For the brown butter frosting

 

  • 2 sticks unsalted butter, 226 g
  • 4 cups powdered sugar, 450 g
  • 1 teaspoon bourbon vanilla extract
  • 1/2 teaspoon kosher salt
  • 3 tablespoons cold heavy cream, 45 ml

Instructions

Make the cake

  1. Preheat the oven to 350°F. Grease a 9×13-inch baking dish well, including the corners and sides. Since the cake stays in the pan, you do not need parchment paper.
  2. Place the butter and espresso in a small saucepan over low to medium heat. Stir until the butter melts completely and the mixture becomes smooth. Remove the pan from the heat as soon as the butter finishes melting.
  3. Immediately add the cocoa powder and chopped dark chocolate to the hot mixture. Stir well. The remaining heat in the pan will melt the chocolate. Keep stirring until the chocolate is mostly melted and the mixture looks glossy.
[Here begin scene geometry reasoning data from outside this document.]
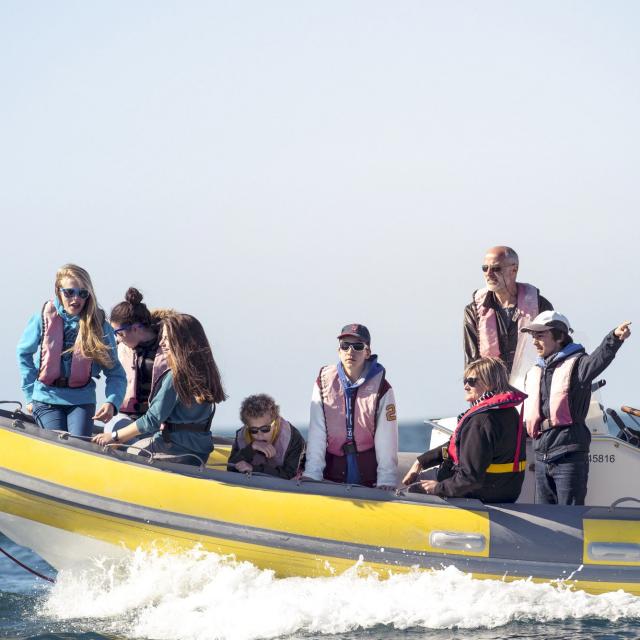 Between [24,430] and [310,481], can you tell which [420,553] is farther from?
[24,430]

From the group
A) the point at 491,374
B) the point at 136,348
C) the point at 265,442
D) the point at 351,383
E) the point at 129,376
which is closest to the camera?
the point at 491,374

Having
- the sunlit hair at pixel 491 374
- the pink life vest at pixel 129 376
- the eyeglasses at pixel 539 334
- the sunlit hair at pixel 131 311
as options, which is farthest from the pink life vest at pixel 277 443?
the eyeglasses at pixel 539 334

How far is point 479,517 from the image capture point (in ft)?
19.5

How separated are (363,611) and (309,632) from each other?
312mm

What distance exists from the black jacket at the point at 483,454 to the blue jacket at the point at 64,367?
201 cm

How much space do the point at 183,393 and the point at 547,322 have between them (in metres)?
2.01

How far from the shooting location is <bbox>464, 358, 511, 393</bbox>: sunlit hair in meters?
5.46

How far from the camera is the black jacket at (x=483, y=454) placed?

A few small cocoa lumps are fine because they will disappear once you mix the batter further.
  4. In a large bowl, combine the brown sugar, salt, and vanilla. Pour the chocolate-espresso mixture into the bowl and whisk until the batter turns smooth.
  5. Add the eggs and egg yolks. Whisk again until the batter looks shiny, rich, and fully combined.
  6. Add the flour and baking soda. Whisk just until the batter is smooth and no dry streaks remain. Do not overmix.
  7. Pour the batter into the prepared baking dish and spread it evenly. Bake for 22 to 25 minutes, or until a toothpick inserted into the center comes out clean.
  8. Let the cake cool completely before frosting.

Make the frosting

 

  1. While the cake bakes, make the brown butter. Add the butter to a large saucepan over low to medium heat. Stir constantly and scrape the bottom of the pan with a spatula so the butter cooks evenly.
  2. The butter will melt, then bubble, then form foam on top. As it cooks, brown specks will appear underneath the foam. When the butter smells nutty and turns a warm amber color, remove it from the heat right away.
  3. Pour the browned butter into a heatproof bowl and let it cool completely. Do not skip this cooling step, or the frosting will become too soft.
  4. Place the cooled brown butter and powdered sugar in a stand mixer fitted with the whisk attachment. Mix on low speed for the first 30 seconds so the sugar does not fly out of the bowl.
  5. Increase the speed and continue whisking until the frosting becomes smooth and fully combined. Scrape down the sides and bottom of the bowl halfway through so everything blends evenly.
  6. Add the vanilla, kosher salt, and cold heavy cream. Whisk again until the frosting is fluffy and spreadable.
  7. Spread the frosting evenly over the cooled cake. Slice and serve.

Notes

  • If you do not have an espresso machine, use 6 oz of freshly brewed strong coffee instead.
  • Regular vanilla extract works if bourbon vanilla is not available.
  • If using table salt, use half the amount listed for kosher salt.
  • Milk can replace heavy cream if needed, though the frosting will be a little less rich.
  • If the frosting turns out too thick, add a bit more cream. If it turns too thin, add more powdered sugar a little at a time.